Na sala principal do histórico Concertgebouw, filas de estudantes estão curvadas sobre computadores portáteis e cadernos, com o brilho dos ecrãs a iluminar as luxuosas cadeiras vermelhas.
Por cima deles, a violinista Hyunjin Cho e a violoncelista Efstratia Chaloulakou tocam, mas os estudantes não estão a ser mal-educados ao não lhes prestar atenção. Neste evento, o objetivo é mesmo estudarem, e a música serve para ajudar, não para distrair.
Faz parte de uma iniciativa em crescimento da Entree, a associação juvenil do Concertgebouw, pensada para juntar o estudo à música clássica ao vivo. As sessões pretendem ajudar os estudantes a concentrar-se, reduzir o stress e aproximar públicos mais jovens desta sala com séculos de história.

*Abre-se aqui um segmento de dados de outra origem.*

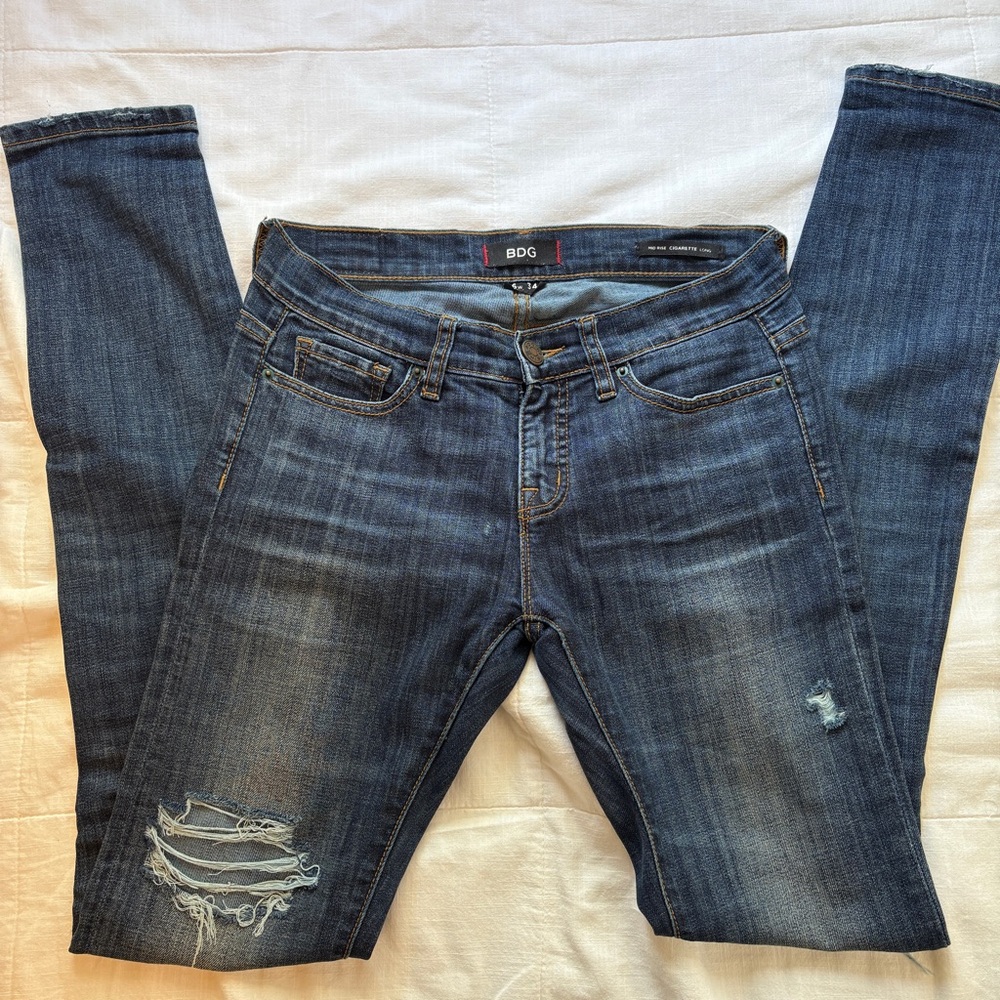 BDG Denim Skinny Jeans Deconstructed Medium Rise 26 Waist 34 inseam TALL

“É uma das muitas formas de acolher públicos mais jovens no Concertgebouw e é muito inspirador estudar com ótima música neste ambiente magnífico. É uma das maneiras de, digamos, seduzir os jovens a descobrir o Concertgebouw e, com sorte, ficarem tão entusiasmados que queiram voltar”, explica Simon Reinink, diretor-geral do Concertgebouw.

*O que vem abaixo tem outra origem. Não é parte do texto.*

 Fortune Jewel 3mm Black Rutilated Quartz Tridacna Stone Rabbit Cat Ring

A ideia surgiu pela primeira vez durante a pandemia de COVID-19, quando a Entree procurava formas de apoiar os estudantes que estudavam à distância e, ao mesmo tempo, os aproximar da música clássica.
Desde então, as sessões têm sido um sucesso, com estudantes a regressarem regularmente para se prepararem para exames ou terminarem as teses.
“É, na verdade, muito calmante e ajuda a concentrar no trabalho que temos de fazer, o que me surpreende, porque normalmente não ouço música clássica, por isso é uma experiência nova para mim”, diz Kyra Mulder, estudante de terapia ocupacional de 21 anos.
O professor Bas Bloem, neurologista no Centro Médico Universitário Radboud, em Nimega, afirma que, embora a música possa perturbar a concentração de algumas pessoas, pode ajudar outras a focar-se: “Creio que a razão pela qual a música de fundo pode ser tão tranquilizadora é o facto de criar um estado de flow”, diz.
E acrescenta: “O flow é esse equilíbrio misterioso entre o nível de competências e o grau de desafio, e é nesse ponto ideal que queremos estar. Não queremos ser demasiado desafiados, nem pouco desafiados, e penso que a música de fundo pode ajudar a atingir esse estado de flow. E toda a gente sabe que, quando se entra nesse estado, podemos continuar indefinidamente e ser enormemente produtivos.”
Os bilhetes para estas sessões custam apenas 2,50 euros e incluem acesso gratuito à rede Wi-Fi do edifício.
Estudantes como Thijmen Broekman, de medicina, dizem que o ambiente e a música facilitam fazer várias coisas ao mesmo tempo e manter o foco. “Não acho difícil fazer multitarefa aqui, porque o ambiente é muito calmo e a música é suave, por isso ajuda-me a concentrar-me e não tenho quaisquer dificuldades em fazer várias tarefas”, afirma.